Greetings Cards Have Not Been Sent

Glass Balls

I don’t know about the rest of you, but I’ve felt swamped this season. I’ve got a few balls spinning precariously in the air: the boring blog job, my day job of stay-at-home mothering, writing, present-buying, cookie-making, and THE Christmas Newsletter -all threatening to drop and break into a thousand tiny glass-ornament shards.

Someone should have taken all this into account, particularly knowing I’m a horrible juggler.

It’s the small hands. Might be lack of practice, too.

Point is, it’s December 21st and there is no way I am going to get these Christmas cards to people before Christmas. I know. The post office told me.

After navigating an endless, winding line of hopeful package-senders, I addressed the top of a head behind an overflowing counter. “WILL THIS ARRIVE BY CHRISTMAS?” I yelled.

I think the hair moved. A mumble made it through the wall of bubble-wrapped envelopes and Flat Rate Priority Mail boxes. A finger poked through to point at their posted notice: Priority Mail Not Guaranteed to Arrive if Mailed after December 20, 2017.

“So…. I HAVE A HOPE?”

I think the pile sighed.

And yet, I push onward. I’ve typed up a funny newsletter and sent it inside a crappy Wal-mart card for over a decade now. My audience needs me.

I think.

That, and it’s a decade of tradition. As Tevye would say, “…It’s a tradition. And because of our traditions, every one of us knows who he is, and what God expects him to do.” Though I don’t actually send one to any deity, you get the idea.

Besides juggling and general motivation problems (a standard writing prompt of mine on this very blog), I have made chronicling events difficult for myself. Impossible for myself.

I take my writing seriously when it’s not 2 a.m. before a deadline. I assume a new angle each time is imperative. So, the work gets pushed back and pushed back.

We got a few cards in advance this year, which was nice. Usually I don’t get so many until I’ve sent my famous offering first.

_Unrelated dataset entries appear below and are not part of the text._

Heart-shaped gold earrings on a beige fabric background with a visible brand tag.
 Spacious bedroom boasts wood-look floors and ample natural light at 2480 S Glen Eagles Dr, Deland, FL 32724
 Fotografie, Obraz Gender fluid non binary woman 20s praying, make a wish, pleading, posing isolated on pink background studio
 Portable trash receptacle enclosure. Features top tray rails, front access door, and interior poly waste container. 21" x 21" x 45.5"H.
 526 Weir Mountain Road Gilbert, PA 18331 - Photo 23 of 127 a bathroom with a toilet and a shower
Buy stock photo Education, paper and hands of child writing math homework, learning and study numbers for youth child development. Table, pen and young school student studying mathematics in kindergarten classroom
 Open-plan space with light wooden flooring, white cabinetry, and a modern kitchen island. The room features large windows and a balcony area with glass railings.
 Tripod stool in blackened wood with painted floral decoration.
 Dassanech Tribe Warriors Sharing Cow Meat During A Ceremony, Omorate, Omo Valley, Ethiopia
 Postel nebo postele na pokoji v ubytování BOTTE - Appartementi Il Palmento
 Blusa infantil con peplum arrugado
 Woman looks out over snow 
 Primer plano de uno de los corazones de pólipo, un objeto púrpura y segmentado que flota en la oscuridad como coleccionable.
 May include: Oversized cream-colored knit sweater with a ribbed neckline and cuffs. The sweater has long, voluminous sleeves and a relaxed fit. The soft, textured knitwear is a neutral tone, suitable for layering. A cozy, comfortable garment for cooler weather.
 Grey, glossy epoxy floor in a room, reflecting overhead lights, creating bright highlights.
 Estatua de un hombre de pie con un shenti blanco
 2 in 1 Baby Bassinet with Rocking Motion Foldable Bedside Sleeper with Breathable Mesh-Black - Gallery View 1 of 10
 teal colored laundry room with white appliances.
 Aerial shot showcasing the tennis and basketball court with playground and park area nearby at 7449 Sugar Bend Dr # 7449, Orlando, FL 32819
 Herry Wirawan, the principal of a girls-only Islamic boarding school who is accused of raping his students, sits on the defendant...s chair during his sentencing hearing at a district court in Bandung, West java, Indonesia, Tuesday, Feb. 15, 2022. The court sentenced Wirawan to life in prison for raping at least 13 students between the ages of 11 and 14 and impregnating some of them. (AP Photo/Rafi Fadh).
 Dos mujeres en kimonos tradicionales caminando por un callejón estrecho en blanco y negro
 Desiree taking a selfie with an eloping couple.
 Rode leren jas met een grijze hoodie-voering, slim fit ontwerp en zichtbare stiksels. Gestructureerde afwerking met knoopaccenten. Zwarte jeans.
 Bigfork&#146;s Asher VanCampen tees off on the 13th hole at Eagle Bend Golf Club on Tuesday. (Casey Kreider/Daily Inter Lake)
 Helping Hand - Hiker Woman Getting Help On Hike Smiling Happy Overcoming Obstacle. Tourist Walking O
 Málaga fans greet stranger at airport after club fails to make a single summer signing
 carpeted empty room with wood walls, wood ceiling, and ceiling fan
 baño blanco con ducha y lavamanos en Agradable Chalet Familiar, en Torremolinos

All of them are photo cards; the families smiling in matching clothing, standing somewhere ethereal like their front yard.

“We should do a family picture next year,” my husband noted, examining our mail.

I glanced up from the 75 envelopes I was hand-addressing, trying to psych myself up for the next three steps. “I don’t know,” I sighed. “A picture seems like so much work.”